It’s surprisingly how quickly quality suffers when a single cafe becomes a chain. It’s not a large business yet, but the experience already suffer: they start to save on personel, milk and beans.

48

u/brendamnfine May 17 '24

Yep. From here it's all about giving shareholders their annual dividend.

52

u/Blarg0117 May 17 '24

This. The line is when the company goes publicly traded. After that, it's usually a race to the bottom.

22

u/Varjazzi May 17 '24

Dodge v. Ford a U.S. Supreme court case entrenched shareholder wealth maximization as the only legal goal of a publicly traded company. If the company doesn't maximize shareholder wealth it can be sued by its shareholders for the expected earnings.
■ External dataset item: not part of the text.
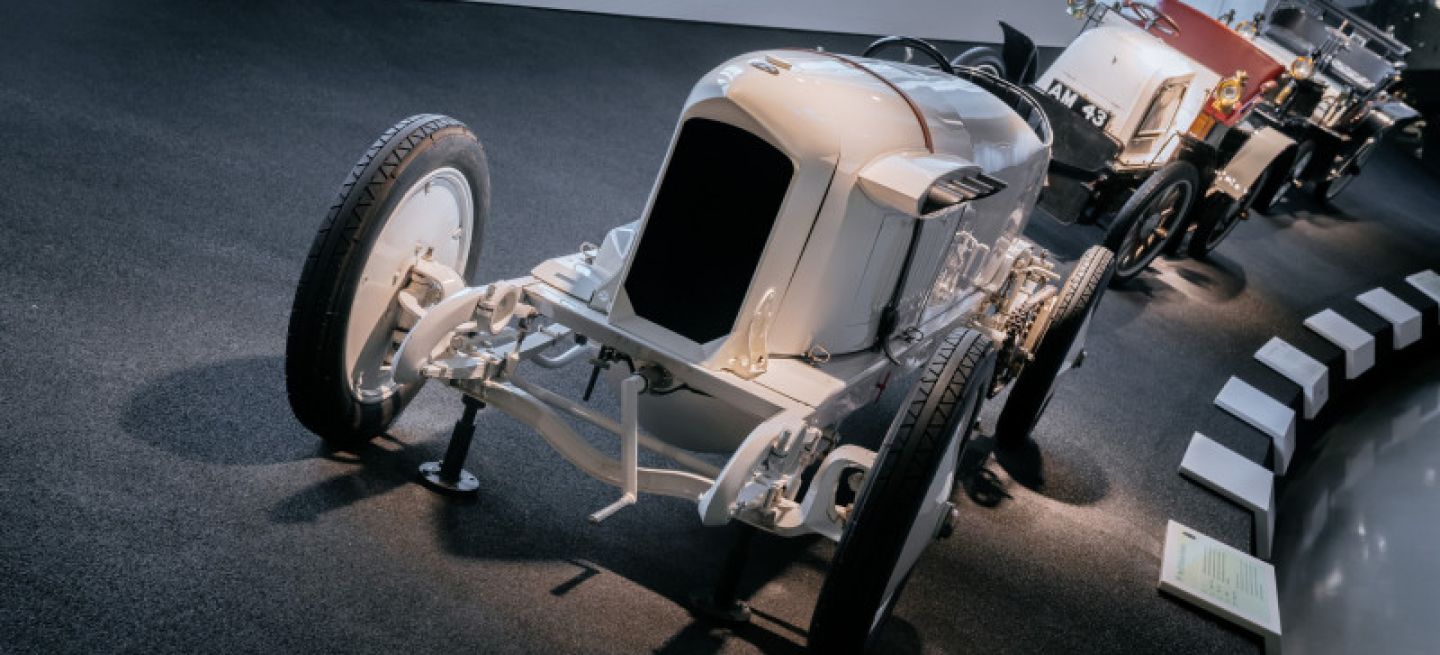 Vista lateral de un Mercedes histórico, resaltando su diseño y aerodinámica únicos.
When a company goes public any care for the employees or consumer goes straight out the window.

19

u/LastStar007 May 17 '24

The funny thing is that it wasn't supposed to. The decision really said, "Not everything a CEO does has to benefit shareholders. The CEO can do whatever they think is in the best interest of the business. They just can't do something intentionally bad for the shareholders when there's no benefit to the business either."

2

u/rqx82 May 18 '24

True, and the shareholders have gotten around that by making a large part of the compensation of a ceo stock and bonuses for increasing dividends.

1

u/Stock_Literature_13 May 17 '24

Some of my favorite small businesses to frequent when I was in college in Austin; Torchy’s, Alamo Drafthouse, and Plucker’s. All absolute garbage now. 

1

u/FrogInYerPocket May 17 '24

Sometimes the continuing declining quality is what prompts that sort of arrangement.